Hal tersebut tidak sepenuhnya salah, tapi juga tidak sepenuhnya benar. Yang pasti, sperma mengandung hormon prostaglandin. Hormon ini sering menyebabkan kontraksi pada rahim, sehingga dikhawatirkan mencetuskan kejadian abortus (keguguran) atau persalinan prematur.
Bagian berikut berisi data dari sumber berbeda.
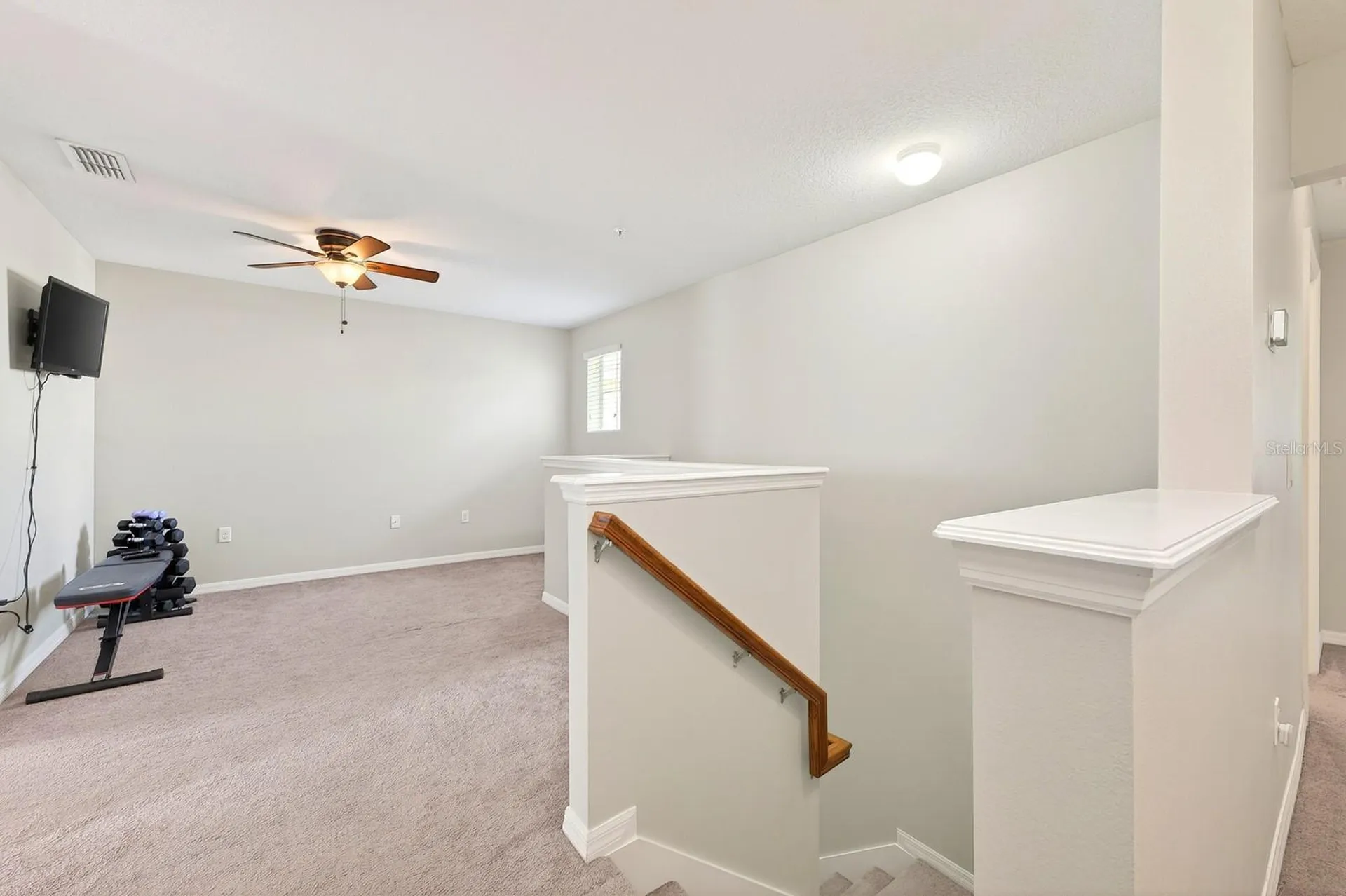 644 Terrace Spring Drive Orlando FL 32828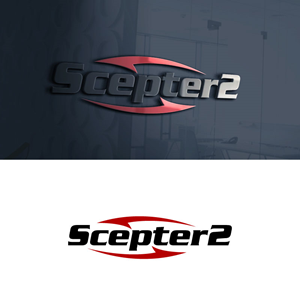 Logo Design by Mk_Graphix for this project | Design: #34296480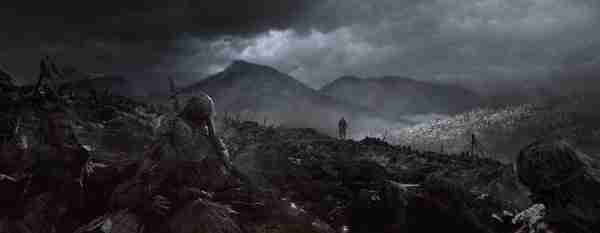 《燕云十六声》三测游戏难度说明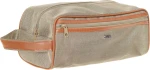 Reed Косметичка "Classic", 7538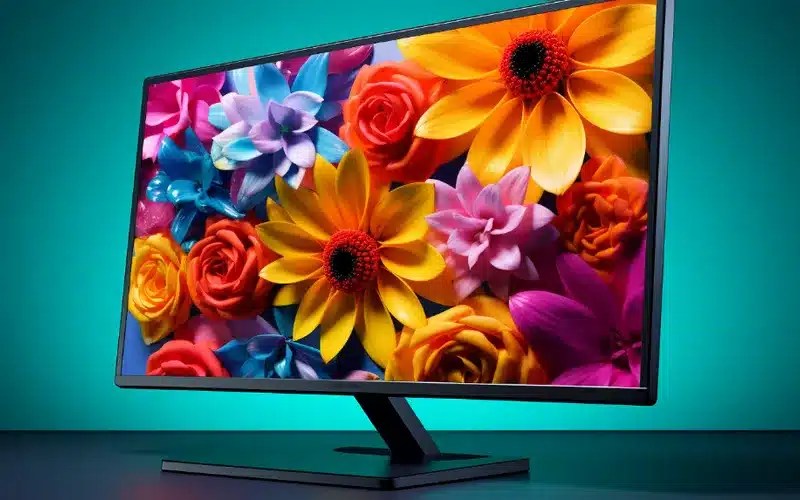 Was ist ein Monitor? Definition, Bedeutung und Einsatzmöglichkeiten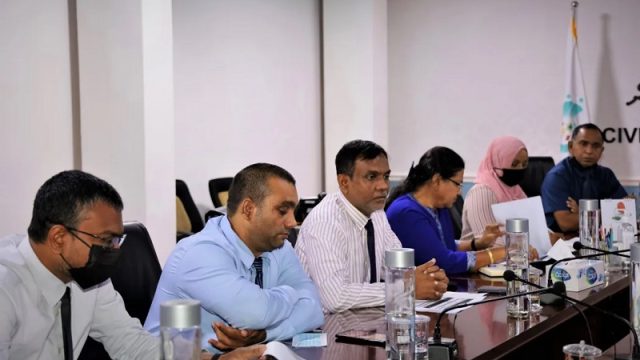 ޮޮޮޮ.jpg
Lantas bagaimana menyiasatinya? Apakah benar harus “berpuasa”? Tidak juga, hal ini bisa disiasati dengan senggama terputus (coitus interuptus) atau memakai kondom. Sebelum melakukannya, Ibu terlebih dulu bisa mengkonsultasikan hal ini dengan dokter / bidan tentang keadaan kehamilan apakah berisiko atau tidak bila melakukan hubungan intim, termasuk untuk mengetahui adanya riwayat keguguran, riwayat persalinan prematur, riwayat pendarahan vagina yang tidak diketahui penyebabnya, mulut rahim yang lemah, dan sebagainya.
• Kontraksi inersia
Merupakan kontraksi dalam proses persalinan yang lemah, pendek, atau tidak sesuai fase. Hal ini umumnya disebabkan karena kelainan fisik Ibu, seperti kurangnya nutrisi dan gizi saat hamil, anemia, hepatitis atau TBC, dan miom. Ada dua macam kontraksi, yaitu primer dan sekunder. Disebut primer apabila sama sekali tidak terjadi kontraksi sejal awal persalinan. Sedangkan sekunder adalah kontraksi yang awalnya bagus, kuat dan teratur tetapi setelah itu menghilang. Kontraksi ini dapat dilihat melalui evaluasi pembukaan mulut rahim dan ketuban.
• Kontraksi sesungguhnya
Kontraksi sebenarnya terjadi menjelang persalinan, yakni saat Ibu memasuki kehamilan 36 minggu saat bayi mulai turun ke tulang panggul lebih dalam. Akibatnya, timbul desakan di kandung kemih, panggul dan vagina. Saat inilah muncul kontraksi sungguhan, di mana Ibu sudah waktunya untuk melahirkan. Kontraksi ini biasanya berlangsung 3 kali dalam 10 menit dengan durasi 20 sampai 40 detik. Frekuensinya pun meningkat hingga lebih dari 5 kali dalam 10 menit. Hal ini disertai pula dengan keluarnya lendir bercampur darah, pecahnya ketuban, serta dorongan ingin mengejan. Jika kurang yakin ini kontraksi sungguhan, berendamlah di air hangat. Kontraksi sungguhan akan menguat di air hangat. Atau Ibu bisa segera melakukan pemeriksaan ke bidan atau dokter untuk memastikan lengkap tidaknya pembukaan dan kapan dimulainya proses persalinan.
Kini Ibu bisa membedakan kontraksi persalinan selama kehamilan. Ingat ya Bu, bila Ibu merasakan kontraksi jangan lupa untuk mencatat kapan kontraksi itu mulai dan berakhir, seberapa kuat dan di bagian tubuh yang mana Ibu merasakan tekanan atau ketidaknyamanan. Hal ini sangat penting untuk menilai kemajuan persalinan. Namun bila Ibu masih merasa ragu, Ibu bisa segera menghubungi dokter atau bidan. Semoga kehamilan Ibu tetap baik dan sehat.